Try to come up with a text that answers the following questions in order:

   - What does _PAGE_NUMA mean?
   - How does page migration with _PAGE_NUMA work?
   -> Why should we not map pages when _PAGE_NUMA is set?
   - Which part of what needs to be done did the previous _PAGE_NUMA 
patch address?
   - What's the situation without this patch?
   - Which scenario does this patch fix?

Once you have a text that answers those, you should have a good patch 
description :).

Alex

--
To unsubscribe from this list: send the line "unsubscribe kvm-ppc" in
the body of a message to majordomo@vger.kernel.org
More majordomo info at  http://vger.kernel.org/majordomo-info.html
pingfan liu April 14, 2014, 8:08 a.m. UTC | #4
On Mon, Apr 14, 2014 at 2:43 PM, Alexander Graf <agraf@suse.de> wrote:
>
> On 13.04.14 04:27, Liu ping fan wrote:
>>
>> On Fri, Apr 11, 2014 at 10:03 PM, Alexander Graf <agraf@suse.de> wrote:
>>>
>>> On 11.04.2014, at 13:45, Liu Ping Fan <pingfank@linux.vnet.ibm.com>
>>> wrote:
>>>
>>>> When we mark pte with _PAGE_NUMA we already call
>>>> mmu_notifier_invalidate_range_start
>>>> and mmu_notifier_invalidate_range_end, which will mark existing guest
>>>> hpte
>>>> entry as HPTE_V_ABSENT. Now we need to do that when we are inserting new
>>>> guest hpte entries.
>>>
>>> What happens when we don't? Why do we need the check? Why isn't it done
>>> implicitly? What happens when we treat a NUMA marked page as non-present?
>>> Why does it work out for us?
>>>
>>> Assume you have no idea what PAGE_NUMA is, but try to figure out what
>>> this patch does and whether you need to cherry-pick it into your downstream
>>> kernel. The description as is still is not very helpful for that. It doesn't
>>> even explain what really changes with this patch applied.
>>>
>> Yeah.  what about appending the following description?  Can it make
>> the context clear?
>> "Guest should not setup a hpte for the page whose pte is marked with
>> _PAGE_NUMA, so on the host, the numa-fault mechanism can take effect
>> to check whether the page is placed correctly or not."
>
>
> Try to come up with a text that answers the following questions in order:
>
I divide them into 3 groups, and answer them by 3 sections. Seems that
it has the total story :)
Please take a look.

>   - What does _PAGE_NUMA mean?
Group 1 -> section 2

>   - How does page migration with _PAGE_NUMA work?
>   -> Why should we not map pages when _PAGE_NUMA is set?
Group 2 -> section 1
(Note: for the 1st question in this group, I am not sure about the
details, except that we can fix numa balancing by moving task or
moving page.  So I comment as " migration should be involved to cut
down the distance between the cpu and pages")

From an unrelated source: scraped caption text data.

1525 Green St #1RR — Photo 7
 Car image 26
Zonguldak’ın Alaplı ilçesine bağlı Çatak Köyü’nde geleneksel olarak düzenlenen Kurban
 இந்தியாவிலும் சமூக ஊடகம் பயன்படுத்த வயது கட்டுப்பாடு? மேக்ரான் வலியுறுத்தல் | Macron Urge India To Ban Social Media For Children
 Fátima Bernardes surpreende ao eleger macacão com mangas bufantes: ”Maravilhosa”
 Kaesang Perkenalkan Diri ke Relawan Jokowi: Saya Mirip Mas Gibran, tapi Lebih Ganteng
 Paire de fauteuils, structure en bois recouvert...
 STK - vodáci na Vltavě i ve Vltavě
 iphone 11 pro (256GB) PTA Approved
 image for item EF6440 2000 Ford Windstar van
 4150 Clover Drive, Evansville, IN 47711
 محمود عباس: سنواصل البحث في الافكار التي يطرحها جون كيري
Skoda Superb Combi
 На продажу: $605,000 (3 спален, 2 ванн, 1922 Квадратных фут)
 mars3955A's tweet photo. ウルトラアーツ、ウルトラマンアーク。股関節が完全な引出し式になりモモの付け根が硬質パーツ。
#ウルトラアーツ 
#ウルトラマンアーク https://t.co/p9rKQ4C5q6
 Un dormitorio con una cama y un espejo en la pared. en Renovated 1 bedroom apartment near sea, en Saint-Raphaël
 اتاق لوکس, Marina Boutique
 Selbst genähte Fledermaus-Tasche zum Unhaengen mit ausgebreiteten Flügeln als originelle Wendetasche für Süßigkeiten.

>   - Which part of what needs to be done did the previous _PAGE_NUMA patch
> address?
>   - What's the situation without this patch?
>   - Which scenario does this patch fix?
>
Group 3 -> section 3


Numa fault is a method which help to achieve auto numa balancing.
When such a page fault takes place, the page fault handler will check
whether the page is placed correctly. If not, migration should be
involved to cut down the distance between the cpu and pages.

A pte with _PAGE_NUMA help to implement numa fault. It means not to
allow the MMU to access the page directly. So a page fault is triggered
and numa fault handler gets the opportunity to run checker.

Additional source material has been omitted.